● **Exercise aim**
For this exercise, repeat the records below exactly and omit every picture.
◇ ◇ ◇ ◇ ◇ ◇ ◇
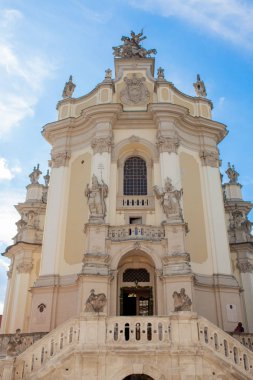 Lviv, Ukrayna - 18 Ağustos 2019: St. George Katedrali, Ukrayna'nın batısının tarihi başkenti Lviv'de yer alan barok-rokoko katedralidir..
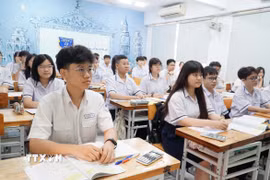 Học sinh Trường Trung học cơ sở Nguyễn Du (phường Bến Thành, Thành phố Hồ Chí Minh) trong giờ học môn Toán. (Ảnh: Thu Hoài/TTXVN)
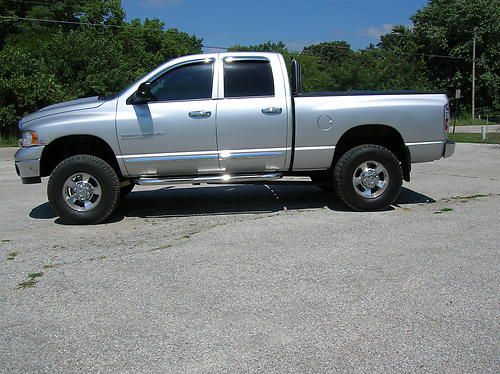 2005 dodge ram 2500 big horn diesel 6 speed 14,000 miles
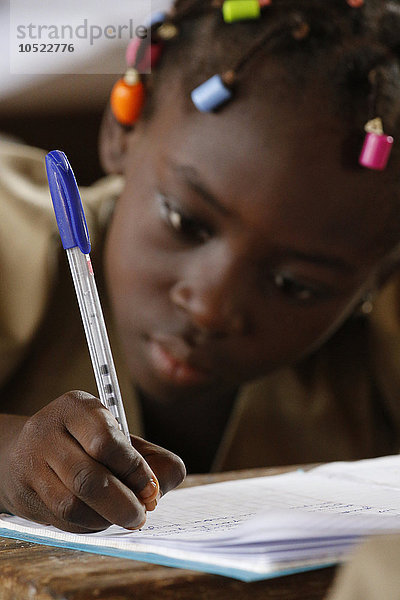 Afrikanische Grundschule (Togo). Schulmädchen.
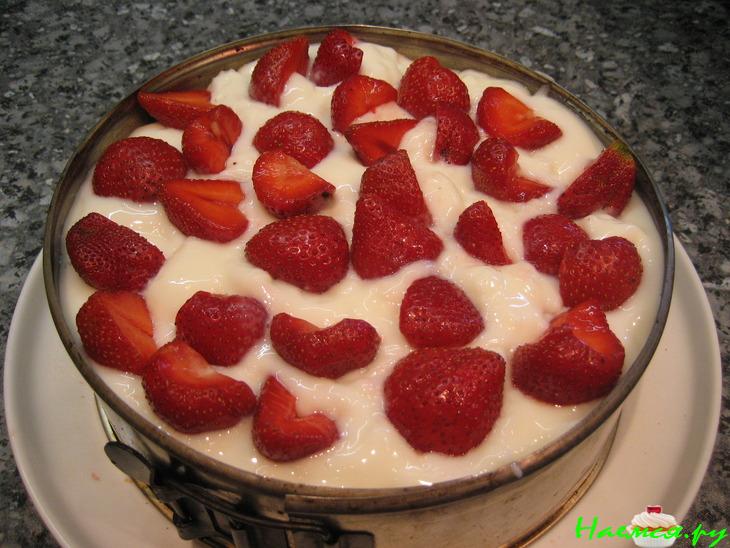 Клубничный торт с йогуртом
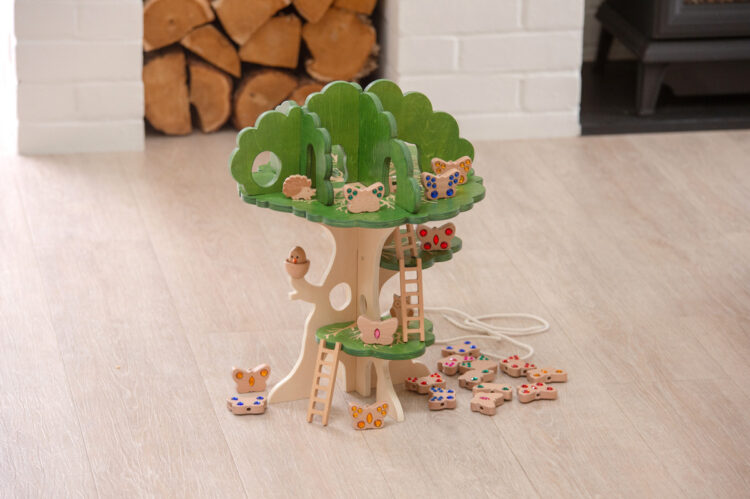 Woodland Trail Treehouse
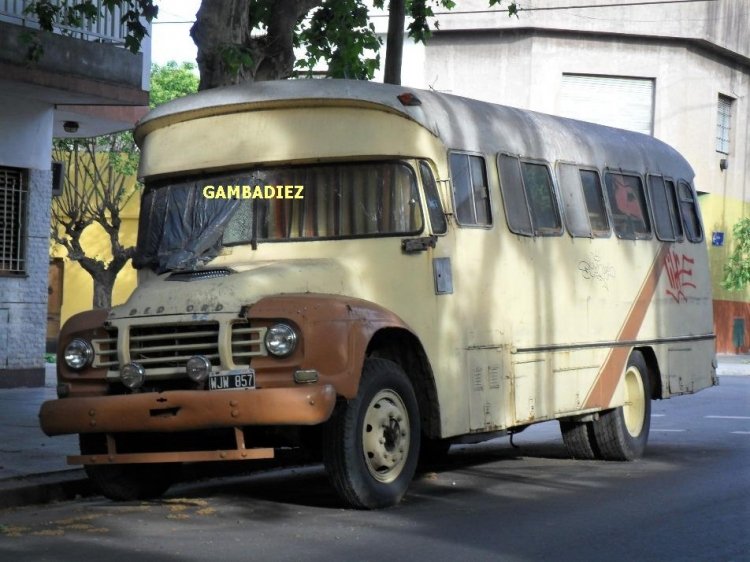 MOTORHOME
C.243615 - WJW 857
Foto: "Truku" Gambadiez
Colección: Charly Souto 
Palabras clave: MOTORHOME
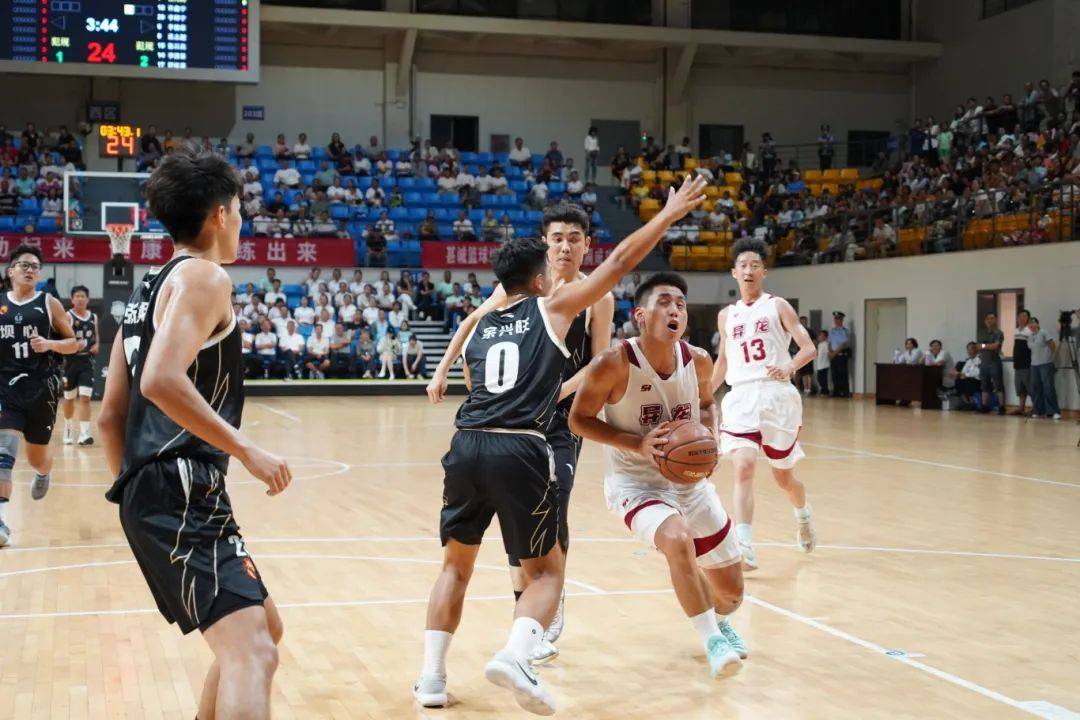 男子篮球联赛赛场上将掀起波澜壮阔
◇ ◇ ◇ ◇ ◇ ◇ ◇
● **Completed exercise**
 Lviv, Ukrayna - 18 Ağustos 2019: St. George Katedrali, Ukrayna'nın batısının tarihi başkenti Lviv'de yer alan barok-rokoko katedralidir..
 Học sinh Trường Trung học cơ sở Nguyễn Du (phường Bến Thành, Thành phố Hồ Chí Minh) trong giờ học môn Toán. (Ảnh: Thu Hoài/TTXVN)
 2005 dodge ram 2500 big horn diesel 6 speed 14,000 miles
 Afrikanische Grundschule (Togo). Schulmädchen.
 Клубничный торт с йогуртом
 Woodland Trail Treehouse
 MOTORHOME
C.243615 - WJW 857
Foto: "Truku" Gambadiez
Colección: Charly Souto 
Palabras clave: MOTORHOME
 男子篮球联赛赛场上将掀起波澜壮阔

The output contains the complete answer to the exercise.